Go over the listing below line by line, and return each one holding the string "Limited".

**Data for this exercise**
========================================================================
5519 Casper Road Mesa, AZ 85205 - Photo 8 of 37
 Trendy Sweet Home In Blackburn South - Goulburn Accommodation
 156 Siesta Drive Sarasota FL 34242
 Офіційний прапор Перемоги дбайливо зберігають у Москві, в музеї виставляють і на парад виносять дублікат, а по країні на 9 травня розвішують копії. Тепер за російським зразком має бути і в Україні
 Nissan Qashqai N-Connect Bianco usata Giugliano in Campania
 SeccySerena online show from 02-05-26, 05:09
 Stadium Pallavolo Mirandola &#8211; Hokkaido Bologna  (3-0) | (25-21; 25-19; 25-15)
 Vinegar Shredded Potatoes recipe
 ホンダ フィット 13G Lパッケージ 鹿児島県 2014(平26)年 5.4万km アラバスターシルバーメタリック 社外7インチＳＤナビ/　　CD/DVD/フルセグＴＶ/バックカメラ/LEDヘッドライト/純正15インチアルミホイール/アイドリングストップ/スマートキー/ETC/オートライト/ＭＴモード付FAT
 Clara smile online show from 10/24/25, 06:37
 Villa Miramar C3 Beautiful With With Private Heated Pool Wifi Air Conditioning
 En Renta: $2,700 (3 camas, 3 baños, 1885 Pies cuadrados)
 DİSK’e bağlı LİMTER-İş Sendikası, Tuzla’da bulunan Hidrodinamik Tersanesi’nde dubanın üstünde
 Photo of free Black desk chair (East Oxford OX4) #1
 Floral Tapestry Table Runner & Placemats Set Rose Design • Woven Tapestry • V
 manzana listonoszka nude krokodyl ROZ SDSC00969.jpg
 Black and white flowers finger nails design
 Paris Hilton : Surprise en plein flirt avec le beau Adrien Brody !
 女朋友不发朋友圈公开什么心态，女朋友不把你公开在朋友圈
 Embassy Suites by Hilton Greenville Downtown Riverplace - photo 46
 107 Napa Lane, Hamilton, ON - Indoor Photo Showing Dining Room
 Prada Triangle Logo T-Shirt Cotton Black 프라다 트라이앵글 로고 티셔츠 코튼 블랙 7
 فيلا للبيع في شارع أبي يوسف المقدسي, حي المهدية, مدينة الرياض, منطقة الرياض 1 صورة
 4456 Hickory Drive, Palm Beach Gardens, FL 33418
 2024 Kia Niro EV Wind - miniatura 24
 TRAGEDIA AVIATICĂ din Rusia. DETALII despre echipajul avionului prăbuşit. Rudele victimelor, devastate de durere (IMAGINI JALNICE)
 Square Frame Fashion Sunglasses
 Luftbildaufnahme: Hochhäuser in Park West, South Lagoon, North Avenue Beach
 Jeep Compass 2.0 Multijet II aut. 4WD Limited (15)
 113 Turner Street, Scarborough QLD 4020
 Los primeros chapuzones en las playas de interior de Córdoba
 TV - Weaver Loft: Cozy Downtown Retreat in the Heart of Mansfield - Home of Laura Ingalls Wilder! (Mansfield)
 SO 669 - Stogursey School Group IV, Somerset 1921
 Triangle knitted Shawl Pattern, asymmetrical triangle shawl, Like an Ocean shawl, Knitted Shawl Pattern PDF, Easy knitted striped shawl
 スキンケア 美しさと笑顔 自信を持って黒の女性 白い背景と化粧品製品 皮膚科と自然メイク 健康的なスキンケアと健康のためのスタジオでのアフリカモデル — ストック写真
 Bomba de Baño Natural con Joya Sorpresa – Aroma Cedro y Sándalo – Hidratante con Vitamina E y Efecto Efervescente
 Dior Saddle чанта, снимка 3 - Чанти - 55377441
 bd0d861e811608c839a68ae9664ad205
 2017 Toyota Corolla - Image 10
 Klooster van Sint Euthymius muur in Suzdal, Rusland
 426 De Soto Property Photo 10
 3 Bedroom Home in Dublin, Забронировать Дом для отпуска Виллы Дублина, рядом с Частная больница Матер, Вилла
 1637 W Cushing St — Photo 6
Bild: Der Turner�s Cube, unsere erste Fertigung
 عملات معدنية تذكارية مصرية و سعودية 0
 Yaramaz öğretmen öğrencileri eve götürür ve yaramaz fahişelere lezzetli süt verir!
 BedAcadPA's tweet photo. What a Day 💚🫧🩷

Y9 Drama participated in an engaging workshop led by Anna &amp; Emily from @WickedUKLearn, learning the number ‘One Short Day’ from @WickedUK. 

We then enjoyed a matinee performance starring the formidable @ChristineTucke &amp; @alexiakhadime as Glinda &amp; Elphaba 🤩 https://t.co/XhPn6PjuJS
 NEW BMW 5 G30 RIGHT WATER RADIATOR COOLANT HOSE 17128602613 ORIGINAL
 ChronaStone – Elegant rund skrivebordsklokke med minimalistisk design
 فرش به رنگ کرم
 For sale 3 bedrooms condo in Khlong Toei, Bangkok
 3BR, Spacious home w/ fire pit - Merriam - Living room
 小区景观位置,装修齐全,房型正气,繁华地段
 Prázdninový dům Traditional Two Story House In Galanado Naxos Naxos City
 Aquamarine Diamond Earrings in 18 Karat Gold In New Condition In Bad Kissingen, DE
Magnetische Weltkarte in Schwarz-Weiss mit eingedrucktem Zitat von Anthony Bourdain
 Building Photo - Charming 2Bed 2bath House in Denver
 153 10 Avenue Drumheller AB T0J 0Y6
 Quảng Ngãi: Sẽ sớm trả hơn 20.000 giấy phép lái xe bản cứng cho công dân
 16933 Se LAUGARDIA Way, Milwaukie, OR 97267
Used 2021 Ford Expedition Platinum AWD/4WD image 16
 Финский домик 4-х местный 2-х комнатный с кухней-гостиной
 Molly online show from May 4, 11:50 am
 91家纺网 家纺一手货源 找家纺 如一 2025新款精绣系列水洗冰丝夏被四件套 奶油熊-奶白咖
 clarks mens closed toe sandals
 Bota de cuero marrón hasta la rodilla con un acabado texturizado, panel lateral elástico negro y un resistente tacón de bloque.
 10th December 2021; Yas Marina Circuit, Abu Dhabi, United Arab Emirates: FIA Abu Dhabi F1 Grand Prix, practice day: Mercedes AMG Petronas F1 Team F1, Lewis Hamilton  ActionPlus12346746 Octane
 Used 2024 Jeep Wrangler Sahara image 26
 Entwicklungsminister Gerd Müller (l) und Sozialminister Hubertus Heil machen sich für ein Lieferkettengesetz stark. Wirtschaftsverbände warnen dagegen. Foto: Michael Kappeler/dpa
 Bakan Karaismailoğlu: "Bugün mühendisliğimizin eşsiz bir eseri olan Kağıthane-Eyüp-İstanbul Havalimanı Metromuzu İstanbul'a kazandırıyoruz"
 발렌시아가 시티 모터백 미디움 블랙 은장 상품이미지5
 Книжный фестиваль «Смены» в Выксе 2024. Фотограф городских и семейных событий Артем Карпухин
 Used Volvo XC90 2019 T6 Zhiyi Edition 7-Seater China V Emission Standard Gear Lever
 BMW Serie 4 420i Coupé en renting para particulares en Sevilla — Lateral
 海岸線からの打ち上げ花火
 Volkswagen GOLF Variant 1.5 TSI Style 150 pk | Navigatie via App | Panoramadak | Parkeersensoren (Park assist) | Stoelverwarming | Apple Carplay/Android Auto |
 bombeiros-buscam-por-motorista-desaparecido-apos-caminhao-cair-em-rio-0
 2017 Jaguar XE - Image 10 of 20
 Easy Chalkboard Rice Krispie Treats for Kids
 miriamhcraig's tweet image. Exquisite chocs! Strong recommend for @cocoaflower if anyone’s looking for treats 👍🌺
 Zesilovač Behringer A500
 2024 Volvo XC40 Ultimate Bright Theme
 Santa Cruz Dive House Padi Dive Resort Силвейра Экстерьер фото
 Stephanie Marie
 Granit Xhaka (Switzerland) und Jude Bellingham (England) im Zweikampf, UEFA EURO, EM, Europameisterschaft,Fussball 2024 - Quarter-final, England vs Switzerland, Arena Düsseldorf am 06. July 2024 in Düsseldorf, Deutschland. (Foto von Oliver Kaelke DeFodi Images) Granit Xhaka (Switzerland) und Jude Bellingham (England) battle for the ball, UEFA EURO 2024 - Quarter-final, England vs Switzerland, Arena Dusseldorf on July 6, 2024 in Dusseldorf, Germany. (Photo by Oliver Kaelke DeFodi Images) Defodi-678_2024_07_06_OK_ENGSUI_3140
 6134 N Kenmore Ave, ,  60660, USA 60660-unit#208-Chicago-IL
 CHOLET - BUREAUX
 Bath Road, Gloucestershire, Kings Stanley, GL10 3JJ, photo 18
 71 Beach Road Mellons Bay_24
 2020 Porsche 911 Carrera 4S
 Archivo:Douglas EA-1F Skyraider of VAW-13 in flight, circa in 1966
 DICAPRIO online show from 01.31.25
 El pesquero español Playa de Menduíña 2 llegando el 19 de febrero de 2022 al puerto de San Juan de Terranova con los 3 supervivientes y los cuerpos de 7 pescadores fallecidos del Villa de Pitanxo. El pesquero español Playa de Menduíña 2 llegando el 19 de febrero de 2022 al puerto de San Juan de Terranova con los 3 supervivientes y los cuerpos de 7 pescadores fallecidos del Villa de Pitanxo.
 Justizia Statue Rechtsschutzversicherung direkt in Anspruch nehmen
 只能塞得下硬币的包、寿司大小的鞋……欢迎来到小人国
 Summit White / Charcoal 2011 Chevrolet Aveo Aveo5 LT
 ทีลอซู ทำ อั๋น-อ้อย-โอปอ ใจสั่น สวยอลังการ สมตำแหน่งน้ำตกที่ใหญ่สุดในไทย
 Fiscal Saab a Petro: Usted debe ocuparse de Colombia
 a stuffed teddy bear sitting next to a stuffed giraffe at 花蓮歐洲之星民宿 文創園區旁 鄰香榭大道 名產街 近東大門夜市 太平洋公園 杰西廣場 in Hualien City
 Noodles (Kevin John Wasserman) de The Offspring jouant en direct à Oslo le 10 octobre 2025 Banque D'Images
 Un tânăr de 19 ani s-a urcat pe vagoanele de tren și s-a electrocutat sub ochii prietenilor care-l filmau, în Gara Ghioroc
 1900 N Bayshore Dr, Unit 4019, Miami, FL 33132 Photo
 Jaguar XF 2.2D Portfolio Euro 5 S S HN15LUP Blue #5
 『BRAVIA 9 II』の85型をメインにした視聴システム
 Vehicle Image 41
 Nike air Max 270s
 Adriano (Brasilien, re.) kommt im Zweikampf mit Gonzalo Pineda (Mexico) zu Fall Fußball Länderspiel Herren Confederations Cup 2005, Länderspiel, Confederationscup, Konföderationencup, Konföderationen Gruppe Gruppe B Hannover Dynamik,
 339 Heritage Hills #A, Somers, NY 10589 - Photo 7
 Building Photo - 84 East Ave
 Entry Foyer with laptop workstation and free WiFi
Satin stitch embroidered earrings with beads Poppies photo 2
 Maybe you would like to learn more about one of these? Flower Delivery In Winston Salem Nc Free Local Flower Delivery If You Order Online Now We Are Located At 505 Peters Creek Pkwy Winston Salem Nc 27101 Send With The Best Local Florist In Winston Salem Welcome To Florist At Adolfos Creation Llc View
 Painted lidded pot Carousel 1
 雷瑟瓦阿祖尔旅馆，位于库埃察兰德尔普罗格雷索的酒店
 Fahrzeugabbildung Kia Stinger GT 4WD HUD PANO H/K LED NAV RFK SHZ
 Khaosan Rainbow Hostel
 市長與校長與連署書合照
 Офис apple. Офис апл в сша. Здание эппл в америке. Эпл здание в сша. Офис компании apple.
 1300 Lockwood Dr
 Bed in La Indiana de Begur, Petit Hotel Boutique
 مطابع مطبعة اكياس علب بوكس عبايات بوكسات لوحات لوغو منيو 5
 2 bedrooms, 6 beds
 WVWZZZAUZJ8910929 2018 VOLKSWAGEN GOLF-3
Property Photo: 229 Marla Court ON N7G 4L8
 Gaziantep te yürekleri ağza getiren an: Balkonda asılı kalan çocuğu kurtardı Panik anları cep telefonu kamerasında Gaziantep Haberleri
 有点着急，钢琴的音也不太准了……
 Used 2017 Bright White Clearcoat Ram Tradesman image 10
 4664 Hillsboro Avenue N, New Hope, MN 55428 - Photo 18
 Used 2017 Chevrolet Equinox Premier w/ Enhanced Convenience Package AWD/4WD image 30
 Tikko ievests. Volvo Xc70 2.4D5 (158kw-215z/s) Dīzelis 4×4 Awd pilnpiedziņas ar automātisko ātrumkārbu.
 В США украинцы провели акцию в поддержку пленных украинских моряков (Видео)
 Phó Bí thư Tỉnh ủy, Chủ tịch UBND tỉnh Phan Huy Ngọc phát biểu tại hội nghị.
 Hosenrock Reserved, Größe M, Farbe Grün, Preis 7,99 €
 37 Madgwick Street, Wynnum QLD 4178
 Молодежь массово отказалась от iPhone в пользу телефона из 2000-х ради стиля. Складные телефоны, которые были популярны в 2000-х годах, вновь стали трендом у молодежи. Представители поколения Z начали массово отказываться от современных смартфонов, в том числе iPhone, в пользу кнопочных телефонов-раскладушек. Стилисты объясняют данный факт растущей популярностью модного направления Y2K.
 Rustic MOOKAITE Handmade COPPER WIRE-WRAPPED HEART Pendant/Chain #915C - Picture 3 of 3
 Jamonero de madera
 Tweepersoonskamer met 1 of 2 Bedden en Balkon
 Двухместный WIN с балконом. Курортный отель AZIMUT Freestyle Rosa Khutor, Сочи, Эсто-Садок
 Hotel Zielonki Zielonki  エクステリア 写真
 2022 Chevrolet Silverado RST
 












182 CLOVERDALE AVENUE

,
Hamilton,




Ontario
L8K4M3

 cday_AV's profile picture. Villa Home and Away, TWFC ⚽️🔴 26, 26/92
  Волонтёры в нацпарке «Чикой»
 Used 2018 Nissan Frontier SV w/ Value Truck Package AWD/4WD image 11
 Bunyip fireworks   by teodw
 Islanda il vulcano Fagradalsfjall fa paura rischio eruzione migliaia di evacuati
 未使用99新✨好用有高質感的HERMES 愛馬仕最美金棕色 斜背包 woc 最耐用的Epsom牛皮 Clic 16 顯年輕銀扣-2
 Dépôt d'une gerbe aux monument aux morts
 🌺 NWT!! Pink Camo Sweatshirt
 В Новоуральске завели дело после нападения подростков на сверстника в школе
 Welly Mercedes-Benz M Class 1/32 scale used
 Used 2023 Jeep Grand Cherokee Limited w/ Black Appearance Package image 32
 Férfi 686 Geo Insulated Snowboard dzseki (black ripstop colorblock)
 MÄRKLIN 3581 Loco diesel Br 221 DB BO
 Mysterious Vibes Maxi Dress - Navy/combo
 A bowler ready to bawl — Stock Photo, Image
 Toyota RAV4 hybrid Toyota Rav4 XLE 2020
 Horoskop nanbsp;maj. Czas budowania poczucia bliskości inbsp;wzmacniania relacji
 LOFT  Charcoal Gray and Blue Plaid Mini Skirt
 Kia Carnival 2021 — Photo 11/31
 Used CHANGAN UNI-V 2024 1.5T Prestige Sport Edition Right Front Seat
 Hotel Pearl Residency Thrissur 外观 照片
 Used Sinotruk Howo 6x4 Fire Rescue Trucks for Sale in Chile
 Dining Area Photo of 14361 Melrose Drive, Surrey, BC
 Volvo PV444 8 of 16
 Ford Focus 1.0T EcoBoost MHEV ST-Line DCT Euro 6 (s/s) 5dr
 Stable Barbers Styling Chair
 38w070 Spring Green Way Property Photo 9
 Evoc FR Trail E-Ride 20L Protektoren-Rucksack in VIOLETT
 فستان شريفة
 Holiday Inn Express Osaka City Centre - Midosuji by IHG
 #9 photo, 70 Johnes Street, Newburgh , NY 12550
========================================================================
**Response to this task**
 Jeep Compass 2.0 Multijet II aut. 4WD Limited (15)
 Used 2023 Jeep Grand Cherokee Limited w/ Black Appearance Package image 32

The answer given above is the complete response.